Currently I'm on W10 version 1709 (judging by the OP I'm guessing I shouldn't upgrade)
I'm incredibly confused on how Windows 10's licensing works, since I haven't built a new PC since before it. If I build an entirely new PC, can I log into my Microsoft account during installation and have the license transfer over? That's how some of the material I've read makes it sound, but I'm having a difficult time understanding the specifics. I'd really rather not pay the $90 for a new copy of Windows if possible at all.
Yeah I'd like to know that too since I'll be upgrading soon as well. I heard that booting up from an existing installation on your old drive also works, but would the OS even start without all the drivers if literally everything was different?
Windows 10 will, 7 likely won't, no idea about 8 but it's garbage so you're better off upgrading.
since 1803 i have an annoying bug where sometimes my pc doesnt sleep properly, the pc stays running but the monitor wont come back on. i only find people talking about a edge sleep bug
Updated to 1803, didn't fix my store download stalling bug. At least the progress bar works now!

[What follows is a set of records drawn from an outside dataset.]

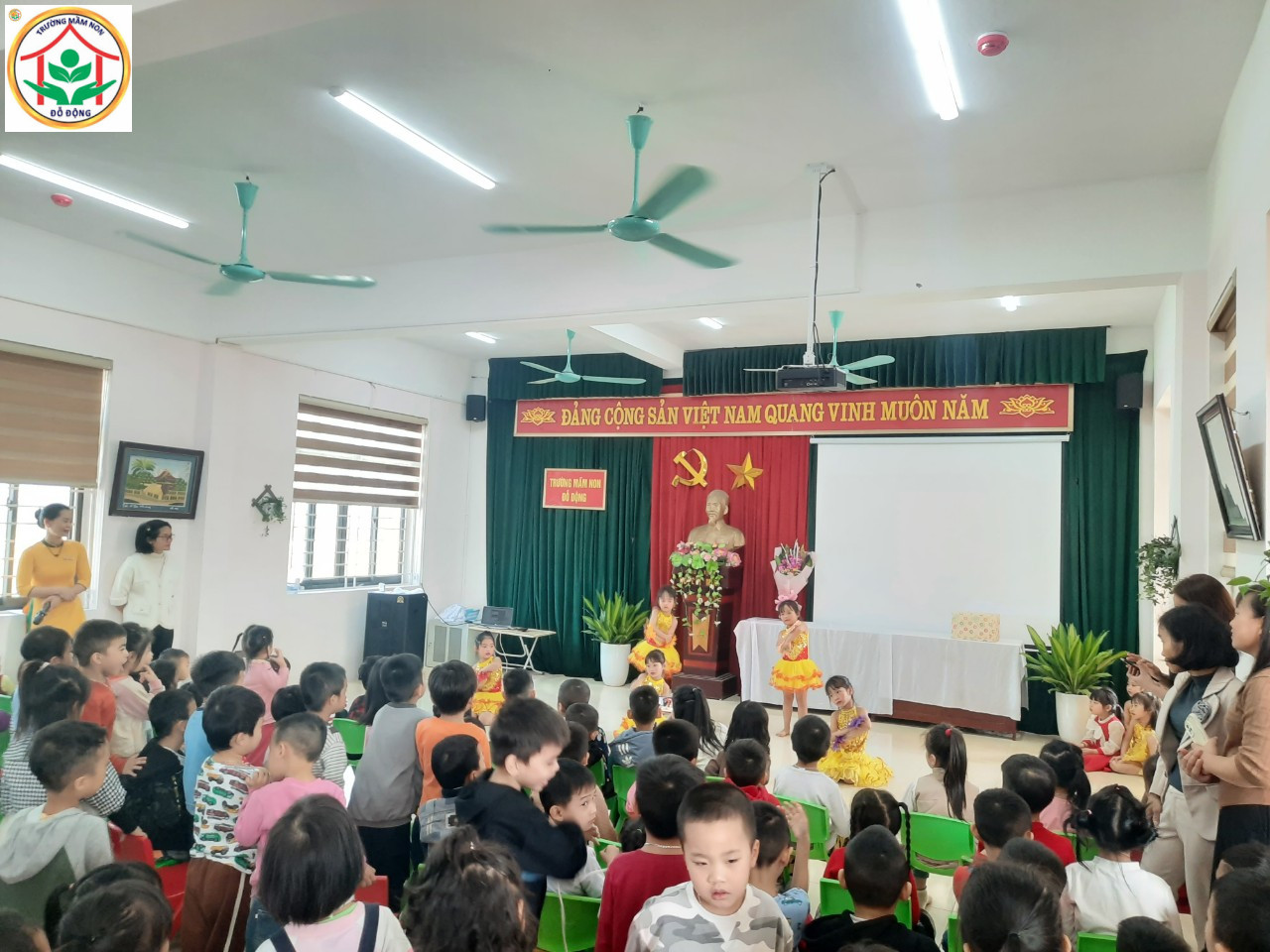 z4899402272755 de3686e2f49b942b591e337ace798987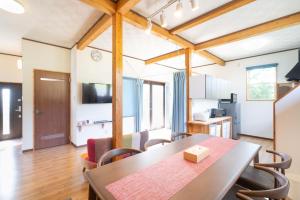 uma sala de jantar e cozinha com mesa e cadeiras em Me-fi-You Ishigaki Island - Vacation STAY 95379 em Ishigaki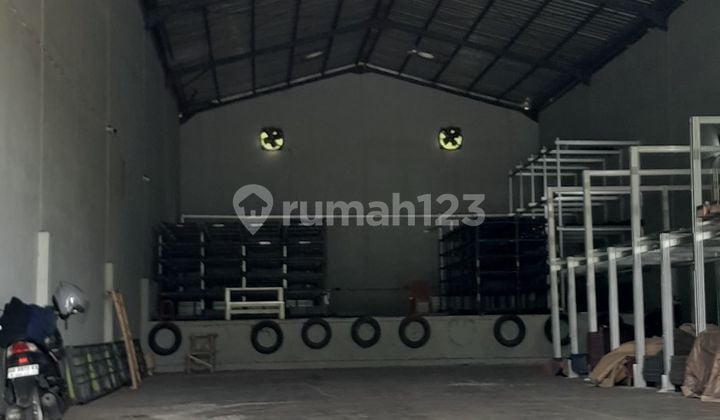 Gudang Lb 240 Disewakan di Paal 4, Dekat Pusat Kota, bisa Akses Kointainer Jalan Dari Ring Road.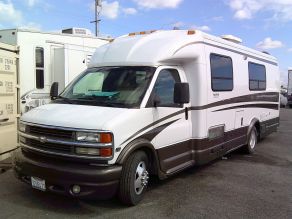 2001 Forest River Sport Sedan Class C Motorhome Photo 2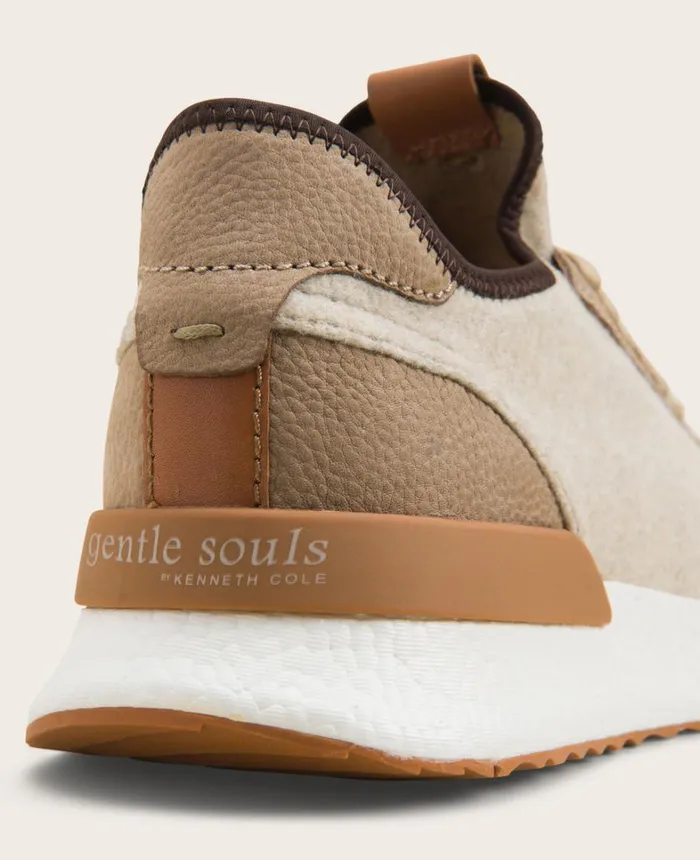 Kenneth Cole Sneakers Men GENTLE SOULS Laurence Stretch Lightweight Jogger Taupe Kenneth Cole Sneakers Men GENTLE SOULS Laurence Stretch Lightweight Jogger Taupe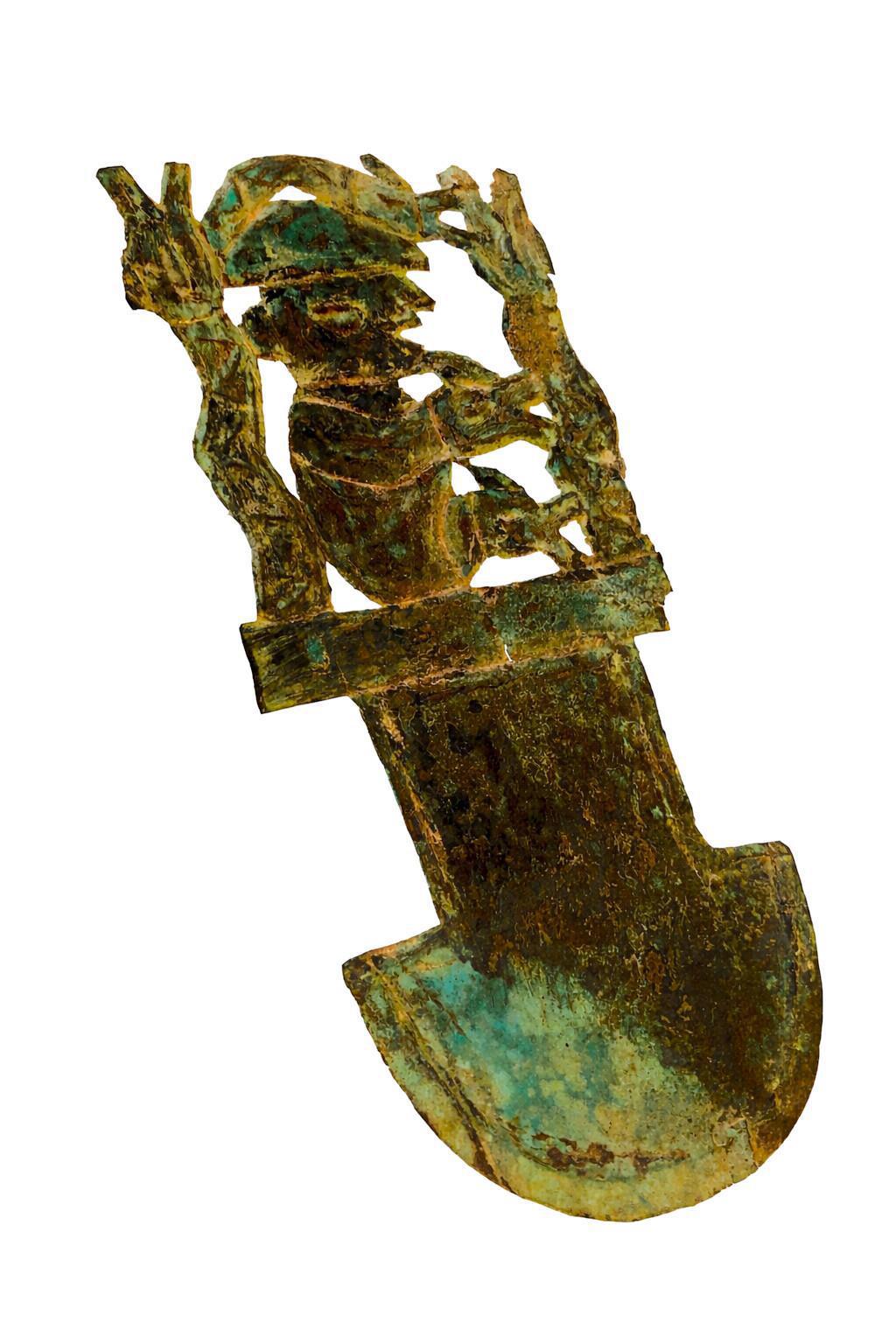 Le « Tumi » qui trépane et qui protège Le « Tumi » qui trépane et qui protège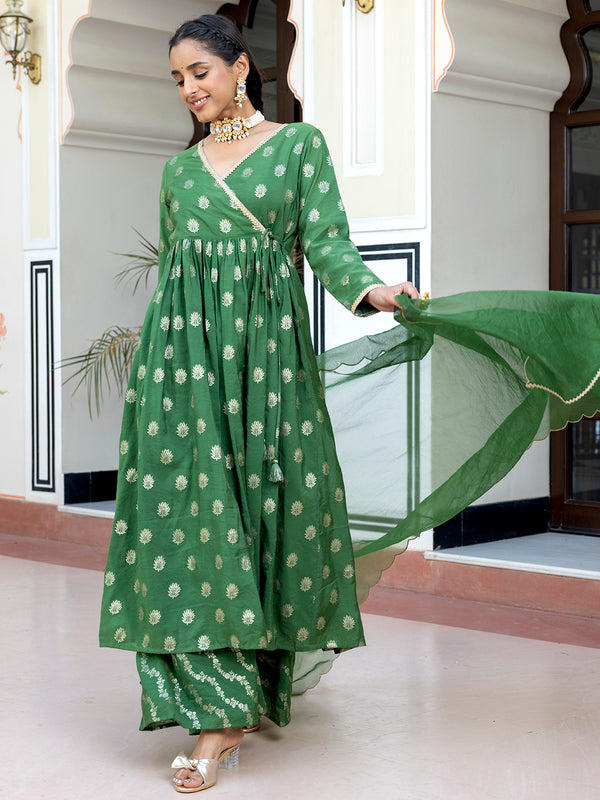 Women Green Brocade Kurta Palazzo Set | NOZ2TOZ - MADE In INDIA.
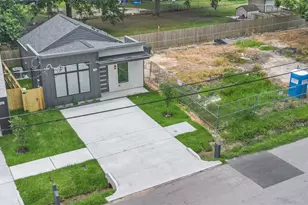 1277 Dewalt St, Houston, TX 77088 - Photo 37
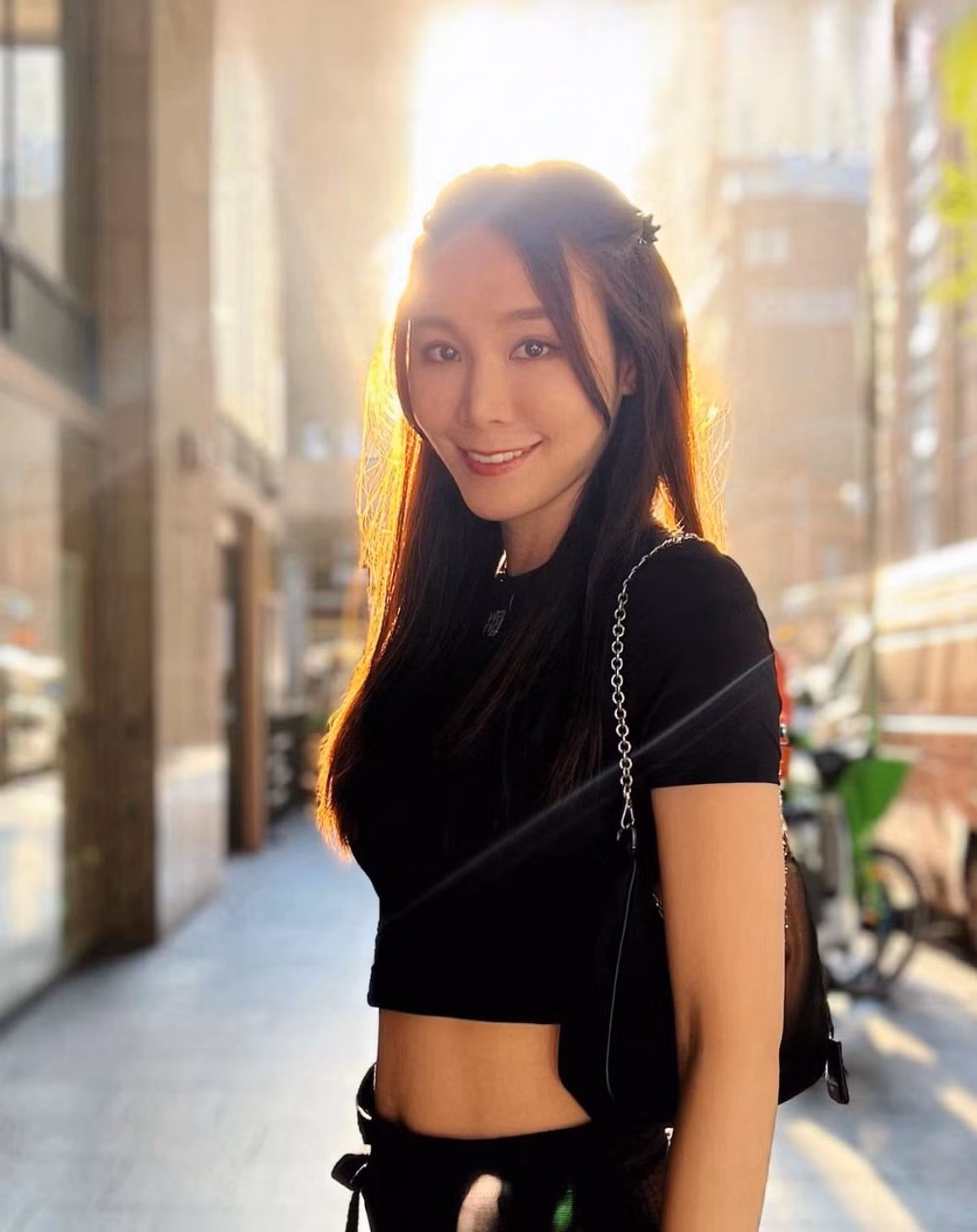 Người đẹp hiện tại làm MC, mẫu ảnh và lấn sân làm diễn viên.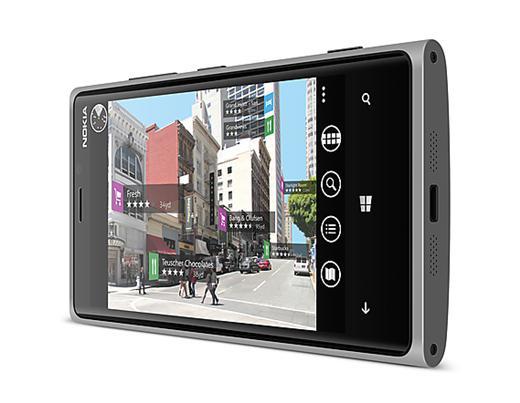 諾基亞Lumia 920具備全新定位服務 Nokia City Lens，提供即時街道資訊。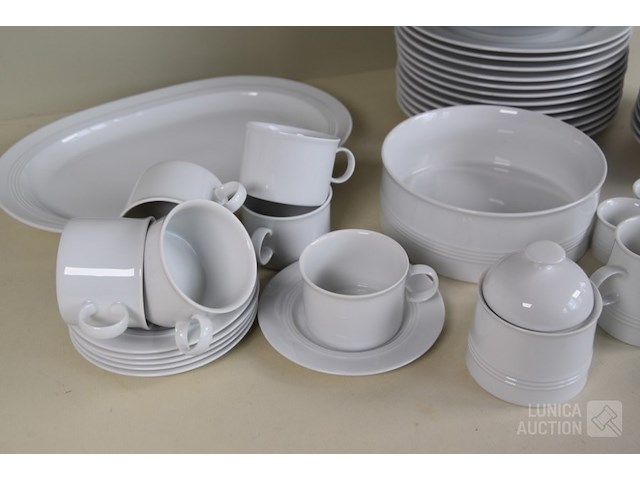 Grote partij servies - afbeelding 3 van  7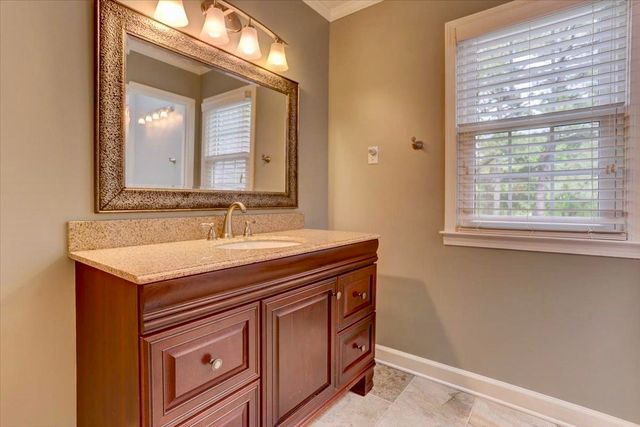 2178 E GLENALDEN DR, Germantown, TN 38139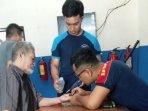 Damkar-Kabupaten-Kediri-menolong-warga-yang-panik-karena-jarinya-terjepit-cincin.jpg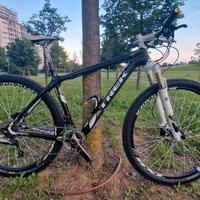 Mountain Bike full carbon Trek Superfly Pro 29er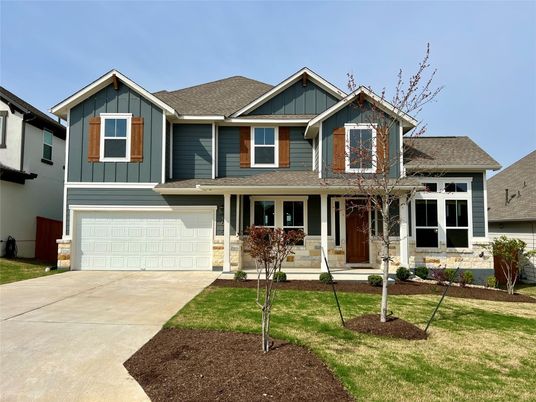 Attached, Exterior, Facade, American Craftsman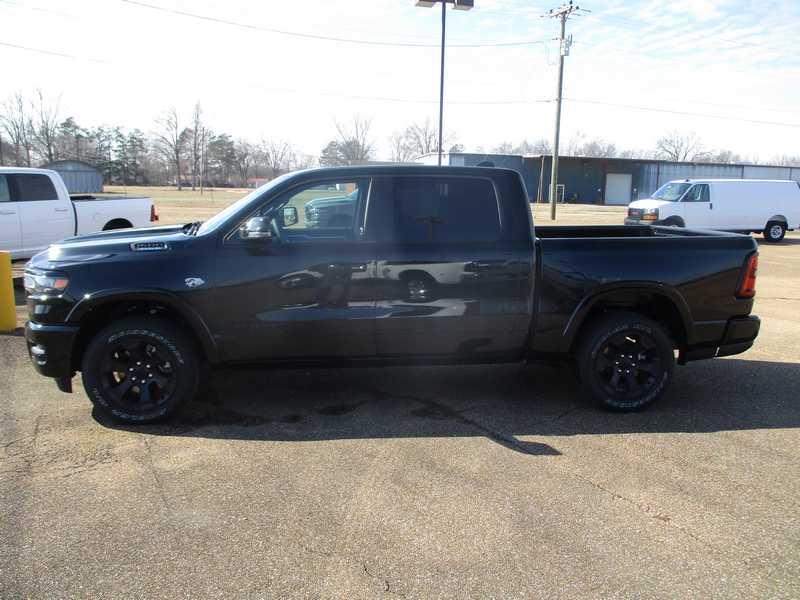 RAM 1500 Big Horn Crew Cab SWB 4WD 2026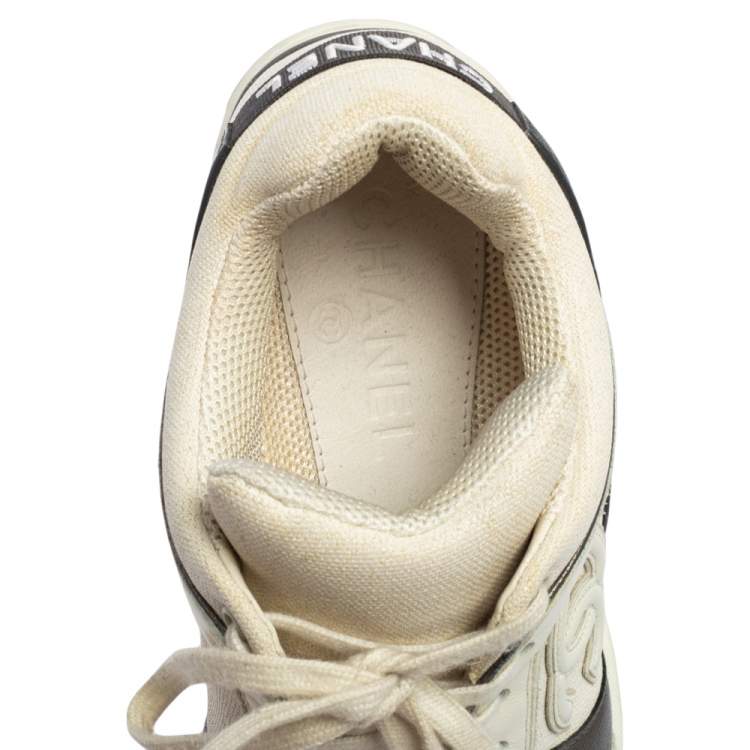 Pre Owned Chanel Grey/White  Leather And Canvas  CC Lace Up Sneakers Size 36.5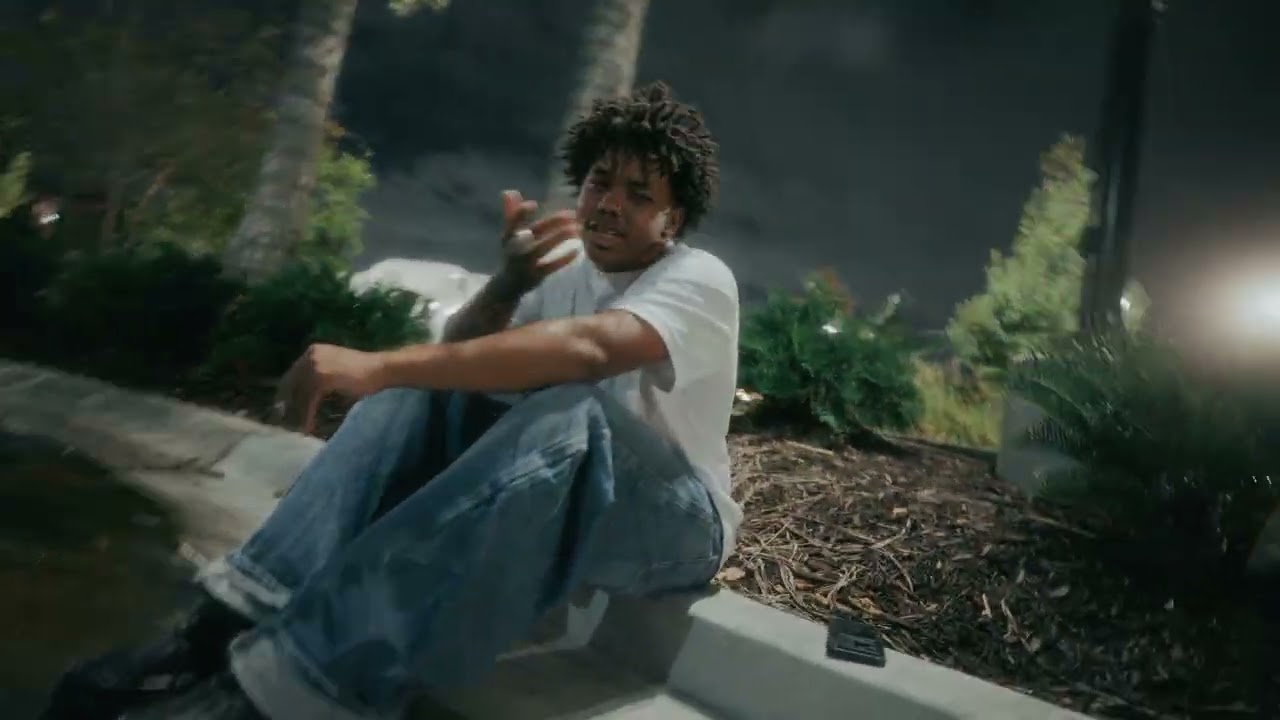 ZHY2FYE - WHATUPDOE!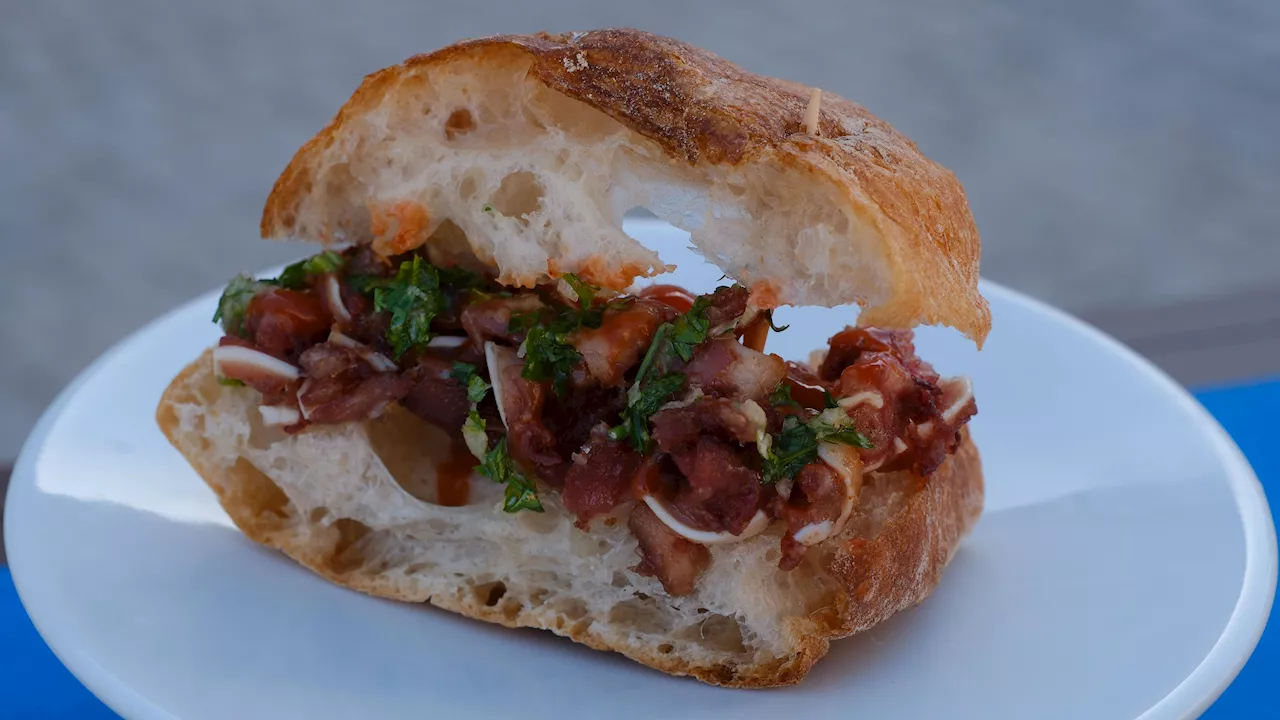 Receta de pan de cristal con oreja a la plancha y salsa brava de MasterChef Celebrity 9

https://files.facepunch.com/forum/upload/237778/a49b724e-6d35-4051-9f49-8733848ef62a/image.png
Being unable to make working progress bars isn't just limited to the store. Haven't had a single update in the Visual Studio updater not download past 100%.
It was more of a joke at how I went through updating my OS only for a tiny change to occur rather than fixing the downloading entirely
I did a bit more reading, I made a mistake - I was searching 'windows store' rather than 'microsoft store' so I got a few more hits, problem is a bit more common than I thought. People are saying to leave the download going overnight or installing on the C: drive, I'll try the latter
How does one update to 1803? Windows update says I'm up to date despite being on version 1709.
you wait more
1803 is slow rollout
You can use the Windows upgrade assistant. Download Windows 10
Here's how my brother got a free windows liscence. It probably won't do the same thing but it might work something out
I put my boot hard drive into his PC to play my video games. Windows eventually noticed that the machine was invalid and needed to update the licence.
I called Microsoft (at 9pm), and the system accepted a liscence transfer. The joke is it wasn't invalidated on my normal hardware (we used 90% the same back then hardware perhaps)
In Win10, you apparently can skip the liscence key in installation. You will get that validate windows message I guess but that's a given. Being able to skip it allows you to hit anything up post-install for shit.
Activations are based on the motherboard though (even though it's linked to your Microsoft account), therefore, your best bet is to try the solution I posted first, so try and save your drives just for a windows transfer.
Would make sense since I updated my motherboard+cpu last year, but since I'm still using the same ssd for windows, it eventually just reactivated itself automatically
Trouble is I'm selling my old PC entirely, and its boot drive is a slow mechanical.
You'd only need to use it once to activate the machine.
Then you can just reinstall windows on a new drive
So I could plop my new SSD into my current PC, install Windows to that, then put the SSD into the new build and it'd still be registered?
Nah it works, Just after some time windows goes "oh fuck invalid"
They remove customisation options shit and you get this watermark
https://files.facepunch.com/forum/upload/1755/f07ac745-0c16-4706-8acf-9534834f2c57/image.png
Just had to disable the TPM in the BIOS to use more that a 20 character password for HDD encryption. What a fucking joke of an OS.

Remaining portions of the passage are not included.